«El Sínodo Diocesano no es una consulta o un ejercicio organizativo; es una experiencia espiritual»
Mons. Francisco Cerro, arzobispo de Toledo, se dirige a la comunidad diocesana para abordar el Día de Hispanoamérica, a través de su carta dominical del domingo, 1 de marzo. Subraya «la riqueza de la fe que nos une a tantos pueblos hermanos al otro lado del océano», recordando que se trata de «una ocasión providencial para tomar conciencia de que la Iglesia es comunión que traspasa fronteras, culturas e historias». Igualmente el prelado exhorta a «caminar juntos de manera más consciente, más fraterna y más misionera» con motivo de la celebración del Sínodo Diocesano que está viviendo gozosamente la Archidiócesis, del que afirma: «No es una simple consulta ni un ejercicio organizativo; es una experiencia espiritual«.
Ensanchar el corazón y la mirada
El arzobispo de Toledo invita, primeramente, a no caminar en solitario y recuerda la importancia de «crecer en escucha mutua, en corresponsabilidad y en discernimiento comunitario». Asimismo recalca la importancia de «dejar atrás prejuicios, superar divisiones y aprender el arte evangélico de la reconciliación».
En segundo lugar, Mons. Cerro insiste en experimentar la «Iglesia misionera» que «existe para anunciar a Jesucristo y compartir la alegría del Evangelio» y ponderando la labor de los misioneros como un «signo de entrega».

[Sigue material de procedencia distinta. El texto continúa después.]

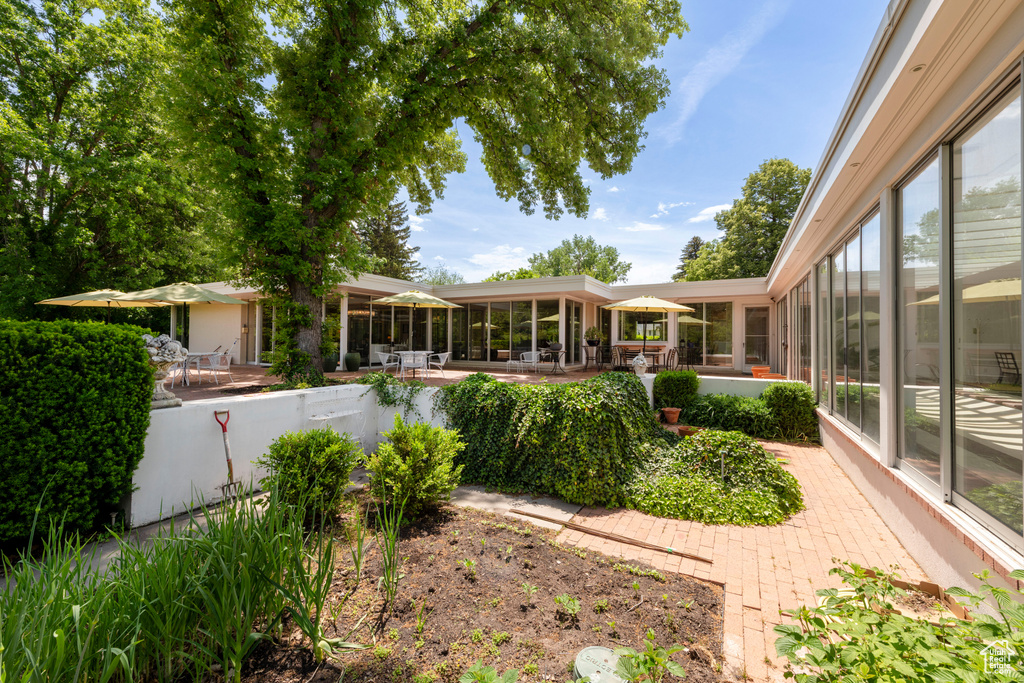 View of yard with a patio and a sunroom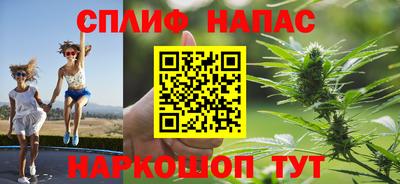 крисы Будённовск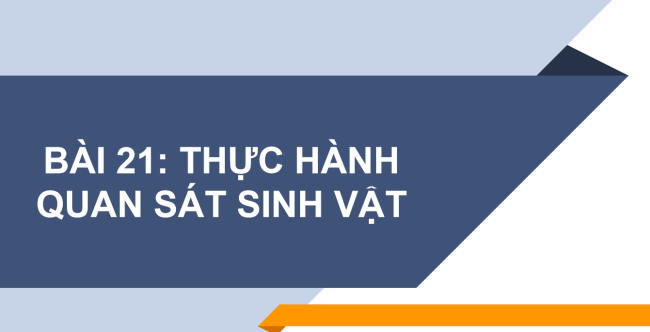 PowerPoint Khoa học tự nhiên 6 Bài 21: Thực hành quan sát sinh vật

Concluye su carta invocando a María «estrella del camino evangelizador» y a quien invita a acercarnos con motivo del VIII centenario de la Catedral de Toledo porque «nos enseña que la verdadera fecundidad nace de la obediencia confiada a Dios».
«El Día de Hispanoamérica nos invita a ensanchar el corazón y la mirada. Somos una Iglesia que camina unida, que aprende a escucharse y que desea compartir con alegría el mayor tesoro que posee: Jesucristo». Así abunda don Francisco Cerro en su escrito dominical.